Düşünün seksen dakika korakor mücadele etmiş arkadaşlarına bırakın destek vermeyi Sertaç kendi kulvarını bırakıp onun topunu kovaladı.  Kaybedilen hiçbir topa koşmak destek vermek içinden gelmedi. Tabiiki taraftar hemen tepki gösterdi.  
 Mustafa Denizli Hoca karşılaşmayı baştan sona kadar kulübenin önünde  kendisine ait çizginin önünde dimdik durarak endişeyle ve sessizce sahayı izledi.
Sade bu duruşu bile hakemi etkilemeyi başardı ve taktir hakkı gerekmeksizin Doğan'ın mutlak penaltısına orta hakem Özgür Yankaya  düdük çalamadı.
Mustafa Hoca'nın  sadece duruşu yetti.
Çünkü biz küçük bir ilçe takımıydık. Eskişehir ise Eskişehir işte.
Evet çokça itiraf ettiğimiz gibi sezona yanlış transfer politikası ile başladık . Yönetim  özveriyle toparlanmak için büyük çaba sarfetti ,öyle oldu böyle oldu ama şu çok açık ki.
PEK ÇOK MAÇI HAKEMLERİN bu küçümseyici  olumsuz bakış açısı  yüzünden kaybettik.
Bu sezon tüm maçlarımıza bakın en az 11 maç adalet dağıtması gereken hakemlerin bu adaletsiz tavrı yüzünden kaybedilmiştir.
Bu mazeret değil.
Bu şu demek.
Bandırma her ne  kadar 50 yıllık bir kulüp olsa da buraya gelenlerin hemen hepsinin ortak kanaati tesisleşmede sınıfta kalmış bir kent. Balıkesir'in  idari anlamda altında olması Bandırmanın kasten ve ihanet derecesinde itilmişliğine yol açmış birkent. Bu görüntüye Hakemlerin etkilenmemesi ön yargılı olmaması olanaksız. Bu  İLKEL ve YAMA stadla Süper LİGE Mİ ÇIKACAKTIK ! 
Her yerde mükemmel stadlar ailelerinde çoluğuyla çocuğuyla gidebileceği yiyecek içecek tüketebileceği konforlu   ortamlar var. Bize bakıyorsunuz GulaG takım adaları ortamı ve kale arkalarımız hala taş duvar  yığma toprak. Canlı yayınlarda bile ürkütücü bir çirkinlik.
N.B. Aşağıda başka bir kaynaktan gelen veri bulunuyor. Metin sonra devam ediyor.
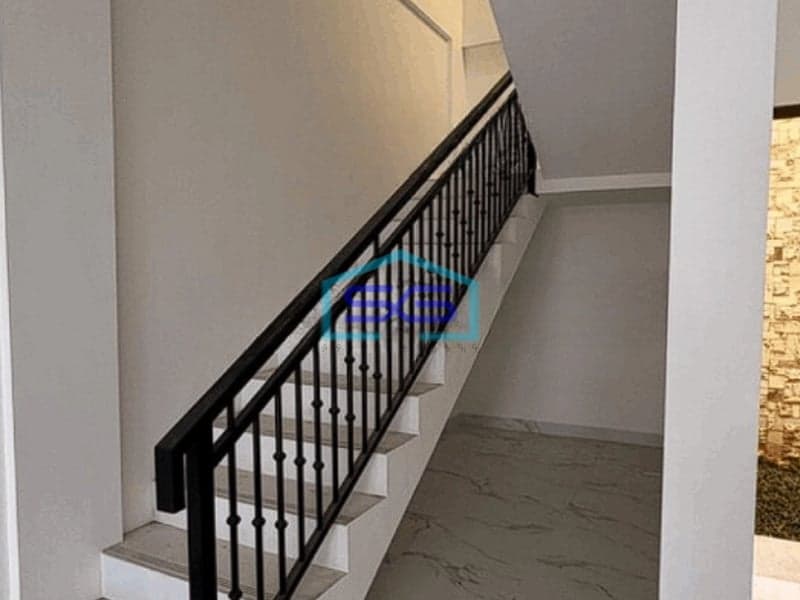 Dijual Ruko Eksklusif Di Lokasi Premium Jakarta Selatan Siap Huni LB 200m2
Görüntüsüyle bile bizi  misafirlerimize aşağılatan bir görüntü.

Bu tamamiyle Bandırmaya hizmeti yatırımı getirtmeyen siyasilerin suçu. Bandırma yı temsil edenlerin beceriksizliği. Özellikle on yıllardır sağ iktidarların Bandırma'yı sinsice cezalandırma yaklaşımı. Seçimi kazandıktan sonra kendilerini seçen kentine bir dönüp bakmaktan imtina edecek kadar duyarsızlık adına hainlikleri bugünkü perişanlığımızın nedenidir.
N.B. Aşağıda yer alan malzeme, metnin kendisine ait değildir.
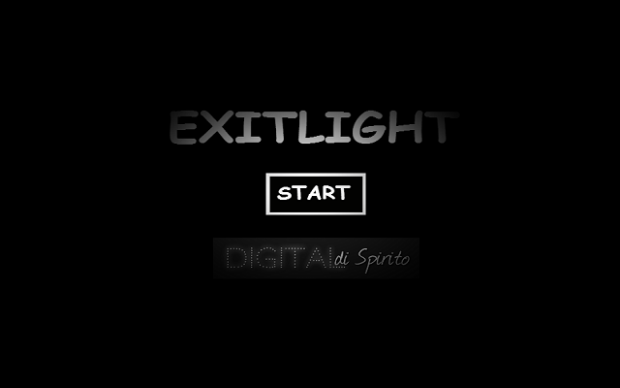 Exitlight image gallery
Mustafa  Denizli Hoca sadece ayakta durarak poz vererek Hakemi etkilediği kesin düşüncemdir.
Yankaya düdüğü çalamadı.
Bu teselli mazereti tabii ki değil BANDIRMASPOR  iyi direndi   ve maçı koparacak çok sayıda pozisyon teke tek yakaladı. Ama golcülük başka bir şey. İşte  Semih yakaladığı ilk pozisyonda topu gerektiği yere bıraktı. 
Üstün ise kargalara vurdu.
Etrafımda ki herkes şans adına yığınla isyan etti.
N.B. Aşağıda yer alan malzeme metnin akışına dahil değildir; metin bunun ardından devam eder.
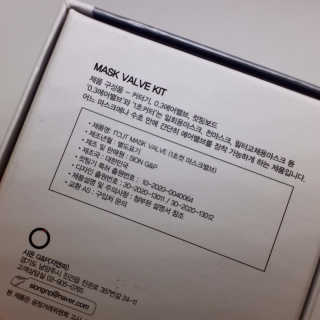행운이가득가득❤️❤️❤️님이 올린 리뷰 사진 3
Futbolda şansın olduğuna şans melekleri olduğuna inanırım zaman zaman kanıtlayacak işler oluyor ama Takunyacıoğlu da aksini savunur hep. "Yok öyle bir numara" der.
Ona da rahmetli Turan Hoca söylemiş. Demiş ki ;"Futbolda şans yoktur .Eğer top direğe çarptıysa sen o topu direğin içine vuracak yeteneğin olmadığı içindir.
 Eğer altıpasta  vurduğun top kaleciye çarptıysa mutlak gol auta gittiyse fizik kurallarıyla ayağının topa vuracağı açıyı tutturamadığın içindir.Kısaca  şans değildir yeteneksizliktir.
Dünkü maça baktığımda şans inancım da sarsıldı.